Repeat the listing below word for word, stopping after the line that contains "Rococo 19th Century".

** RECORD SET follows **

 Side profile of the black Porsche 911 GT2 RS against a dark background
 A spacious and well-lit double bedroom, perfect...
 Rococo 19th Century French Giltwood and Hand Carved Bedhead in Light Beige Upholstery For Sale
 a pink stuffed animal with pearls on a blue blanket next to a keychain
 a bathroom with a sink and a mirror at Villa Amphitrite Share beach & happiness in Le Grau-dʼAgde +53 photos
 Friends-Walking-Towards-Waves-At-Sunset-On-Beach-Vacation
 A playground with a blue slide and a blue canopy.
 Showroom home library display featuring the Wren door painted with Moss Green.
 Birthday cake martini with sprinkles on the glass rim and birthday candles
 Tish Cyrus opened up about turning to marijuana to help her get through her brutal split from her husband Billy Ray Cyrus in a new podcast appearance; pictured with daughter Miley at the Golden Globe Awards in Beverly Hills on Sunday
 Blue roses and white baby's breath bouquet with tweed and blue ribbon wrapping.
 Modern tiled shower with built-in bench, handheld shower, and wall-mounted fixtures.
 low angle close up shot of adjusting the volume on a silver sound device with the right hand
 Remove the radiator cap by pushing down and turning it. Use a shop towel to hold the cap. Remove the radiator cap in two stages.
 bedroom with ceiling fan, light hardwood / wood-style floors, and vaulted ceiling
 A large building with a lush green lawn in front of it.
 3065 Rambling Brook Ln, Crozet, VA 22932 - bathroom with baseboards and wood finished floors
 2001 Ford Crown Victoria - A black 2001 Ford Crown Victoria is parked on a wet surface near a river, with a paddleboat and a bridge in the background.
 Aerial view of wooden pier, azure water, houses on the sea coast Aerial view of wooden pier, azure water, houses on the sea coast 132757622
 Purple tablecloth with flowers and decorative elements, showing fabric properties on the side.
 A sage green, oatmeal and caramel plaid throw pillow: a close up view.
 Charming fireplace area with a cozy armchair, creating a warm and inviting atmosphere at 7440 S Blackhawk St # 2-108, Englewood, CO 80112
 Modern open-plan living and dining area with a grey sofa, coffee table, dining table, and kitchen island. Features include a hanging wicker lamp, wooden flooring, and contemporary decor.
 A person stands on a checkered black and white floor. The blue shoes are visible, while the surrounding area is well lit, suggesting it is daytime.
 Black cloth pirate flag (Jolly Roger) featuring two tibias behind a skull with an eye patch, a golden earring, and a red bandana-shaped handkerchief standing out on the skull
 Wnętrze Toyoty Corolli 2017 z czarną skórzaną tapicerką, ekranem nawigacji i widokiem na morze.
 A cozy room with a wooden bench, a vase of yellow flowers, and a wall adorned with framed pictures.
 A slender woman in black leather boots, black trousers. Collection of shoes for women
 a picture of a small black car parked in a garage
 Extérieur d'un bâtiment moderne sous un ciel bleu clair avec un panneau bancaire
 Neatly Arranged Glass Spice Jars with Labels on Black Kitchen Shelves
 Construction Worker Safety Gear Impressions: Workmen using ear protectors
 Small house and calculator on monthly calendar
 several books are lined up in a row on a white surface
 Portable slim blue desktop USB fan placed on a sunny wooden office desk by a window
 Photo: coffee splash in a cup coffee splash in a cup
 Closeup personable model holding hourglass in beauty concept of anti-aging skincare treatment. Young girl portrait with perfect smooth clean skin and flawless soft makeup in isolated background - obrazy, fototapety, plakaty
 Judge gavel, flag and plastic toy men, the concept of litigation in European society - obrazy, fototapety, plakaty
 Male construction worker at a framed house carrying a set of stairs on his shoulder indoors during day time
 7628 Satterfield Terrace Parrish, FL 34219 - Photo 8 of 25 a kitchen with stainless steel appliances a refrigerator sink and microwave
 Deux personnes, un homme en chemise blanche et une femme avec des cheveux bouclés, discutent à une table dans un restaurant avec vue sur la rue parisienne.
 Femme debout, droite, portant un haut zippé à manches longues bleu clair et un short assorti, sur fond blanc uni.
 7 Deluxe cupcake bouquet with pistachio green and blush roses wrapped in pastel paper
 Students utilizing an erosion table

** End of RECORD SET **

RESPONSE:
 Side profile of the black Porsche 911 GT2 RS against a dark background
 A spacious and well-lit double bedroom, perfect...
 Rococo 19th Century French Giltwood and Hand Carved Bedhead in Light Beige Upholstery For Sale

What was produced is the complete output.